I’ll be 36 in just a few weeks, and with two young girls at home, I simply don’t have the time, energy or desire to spend hundreds of hours mastering a game while trying to beat it on the toughest setting anymore.
Most of my gaming happens at night after my kids (and usually my wife) have gone to bed. That gives me an hour or two to play, and sometimes I can go weeks without playing at all.
This means that dying repeatedly and replaying the same section of a game over and over again for 45 minutes is not the kind of relaxing escapism I’ve come to crave from games during the pandemic.
“After lowering the difficulty, suddenly I *was* the mythical Doom Slayer…”
I beat the 2016 version of Doom on “Normal” mode, also known as “Hurt Me Plenty,” earlier this year. It wasn’t too tough and took about 12 hours spread out over a couple of months.

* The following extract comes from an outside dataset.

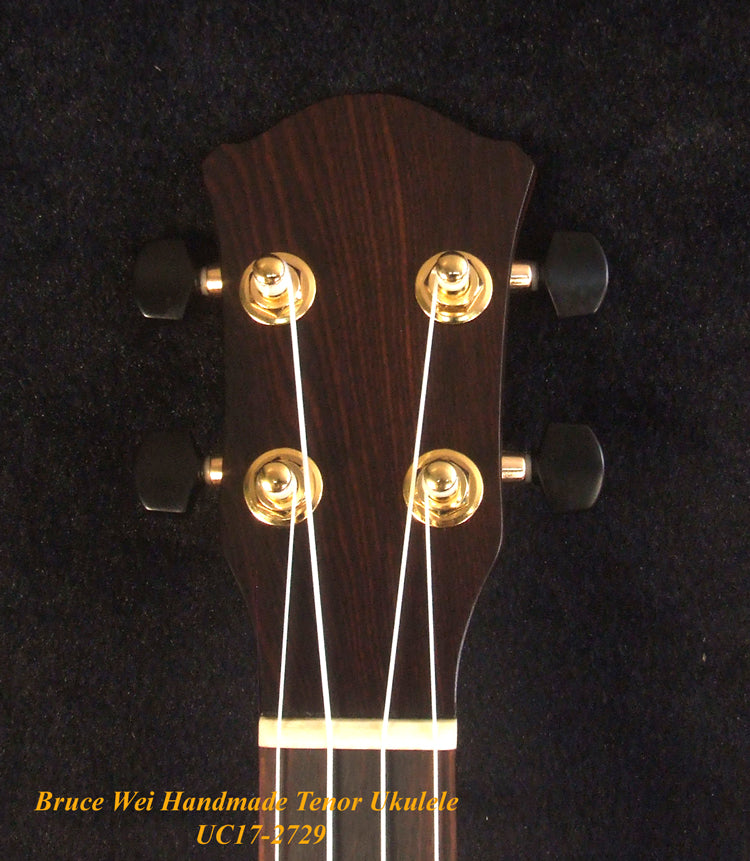 Handmade Solid Hawaiian Koa Tenor Ukulele, Cutaway, Hibiscus Soundhole, Soft-bag, Bruce Wei UC17-2729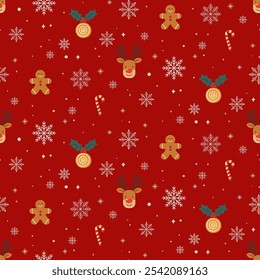 Christmas pattern with deer, gingerbread man, sweets, snowflakes on a red background. Seamless background perfect for use in textiles, wallpapers, and festive decorations.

Fast forward to a few weeks later when I played the sequel, Doom Eternal, and about halfway through the roughly 20-hour gameplay I once again paused the action and switched to the Easy setting. The demons were way tougher this time around.
After lowering the difficulty, suddenly I *was* the mythical Doom Slayer, eviscerating demons and monsters with impunity. And isn’t that why we play these games?
After 18 months of our own little hell on Earth during the coronavirus pandemic, it was immensely satisfying. Embrace the easy, I say, and have fun doing it.